Project summaries below:
Karma in the Dark:
It was released about 5 weeks ago in its v4.1 form. The response and number of downloads amazed me, especially with little to no advertisement effort. In terms of the core rules, the game is pretty much done. I'm now exploring some publication options (along with getting an actual copy-editor for typos). It will probably be a few more months before I have any final decisions on that front.
In the meantime, I've started working on the first official supplement, a detailed pre-designed setting for the game. You can see the last update post for more details. I will probably have periodic updates on this project, but the release will probably be held until I've finalized my publication plan for the game.
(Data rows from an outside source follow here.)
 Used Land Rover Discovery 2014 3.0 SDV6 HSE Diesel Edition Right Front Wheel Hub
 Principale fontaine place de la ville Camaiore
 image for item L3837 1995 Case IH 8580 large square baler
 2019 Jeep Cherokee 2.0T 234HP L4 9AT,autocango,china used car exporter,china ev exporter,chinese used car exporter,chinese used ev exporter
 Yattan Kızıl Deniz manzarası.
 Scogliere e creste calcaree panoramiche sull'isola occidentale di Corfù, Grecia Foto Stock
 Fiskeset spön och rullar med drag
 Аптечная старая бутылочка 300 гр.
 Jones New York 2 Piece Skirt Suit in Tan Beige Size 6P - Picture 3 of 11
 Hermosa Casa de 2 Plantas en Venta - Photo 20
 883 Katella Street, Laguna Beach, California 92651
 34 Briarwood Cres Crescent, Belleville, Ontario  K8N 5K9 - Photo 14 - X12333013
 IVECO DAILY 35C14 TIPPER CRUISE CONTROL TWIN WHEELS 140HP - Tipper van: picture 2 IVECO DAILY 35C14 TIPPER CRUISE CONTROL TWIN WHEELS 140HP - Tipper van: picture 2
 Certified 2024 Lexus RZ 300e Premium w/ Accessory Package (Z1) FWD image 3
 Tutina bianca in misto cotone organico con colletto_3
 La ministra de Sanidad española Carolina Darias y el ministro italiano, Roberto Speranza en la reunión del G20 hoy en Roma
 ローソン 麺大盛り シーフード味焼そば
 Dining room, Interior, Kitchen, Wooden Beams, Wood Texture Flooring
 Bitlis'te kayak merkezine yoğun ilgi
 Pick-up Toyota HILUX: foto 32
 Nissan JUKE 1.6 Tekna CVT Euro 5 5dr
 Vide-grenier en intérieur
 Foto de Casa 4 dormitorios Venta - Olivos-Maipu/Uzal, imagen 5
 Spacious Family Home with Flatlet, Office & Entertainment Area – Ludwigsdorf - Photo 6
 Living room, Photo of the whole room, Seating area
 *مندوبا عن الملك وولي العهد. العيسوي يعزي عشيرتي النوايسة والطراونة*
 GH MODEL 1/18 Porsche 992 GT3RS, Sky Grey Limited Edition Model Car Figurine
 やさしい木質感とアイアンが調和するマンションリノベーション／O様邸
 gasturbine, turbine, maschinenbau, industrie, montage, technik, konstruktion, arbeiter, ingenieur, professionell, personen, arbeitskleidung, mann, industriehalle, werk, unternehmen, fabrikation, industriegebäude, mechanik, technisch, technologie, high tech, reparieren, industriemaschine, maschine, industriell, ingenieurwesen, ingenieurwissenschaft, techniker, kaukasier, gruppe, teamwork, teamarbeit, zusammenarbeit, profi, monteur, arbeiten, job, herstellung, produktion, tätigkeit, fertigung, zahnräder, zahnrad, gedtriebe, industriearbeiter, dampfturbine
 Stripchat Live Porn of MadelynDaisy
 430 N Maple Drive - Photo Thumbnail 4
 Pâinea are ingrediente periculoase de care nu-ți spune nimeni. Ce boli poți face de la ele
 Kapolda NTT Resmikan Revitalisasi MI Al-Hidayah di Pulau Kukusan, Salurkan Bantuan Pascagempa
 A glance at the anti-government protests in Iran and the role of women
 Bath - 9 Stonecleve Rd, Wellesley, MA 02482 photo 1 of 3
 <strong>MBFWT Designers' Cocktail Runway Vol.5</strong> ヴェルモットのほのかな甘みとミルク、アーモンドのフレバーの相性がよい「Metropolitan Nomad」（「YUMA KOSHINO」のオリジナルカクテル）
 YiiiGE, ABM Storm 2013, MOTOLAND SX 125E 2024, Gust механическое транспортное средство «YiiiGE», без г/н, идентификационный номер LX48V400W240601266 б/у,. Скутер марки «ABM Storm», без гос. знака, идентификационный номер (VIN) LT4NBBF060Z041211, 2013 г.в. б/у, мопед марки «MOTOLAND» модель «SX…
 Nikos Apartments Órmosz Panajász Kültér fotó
The only new update is that I've decided on one of the new optional mechanics for the supplement, which is replacing the archetype character creation with a lifepaths like system (somewhere between Stars Without Number and Burning Wheel in terms of complexity.) Part of living in a small town is having a reputation and a family legacy, so this seemed like a fun way to tie that dynamic into a rural setting, without messing with any core mechanics in the game.
I am also continuing to look at playtesting and collecting feedback for the core game. I have a few pages of notes on small tweaks or updates, but those probably won't be incorporated until I start work on the final version.
Tides of Gold:
I need to re-layout the game in InDesign since there's been no way to get around the Scribus problems that make the document frequently crash. I also need to make some initial updates/fixes based on initial feedback and playtesting. I have plans to add a trade mini-game to replace the default faction mechanics in Blades, but that will require dedicated design focus. Right now, work on Tides is slated for the end of January or early February. I need a break before I work on another Forged in the Dark game, but once I do, it's at the top of the priority list.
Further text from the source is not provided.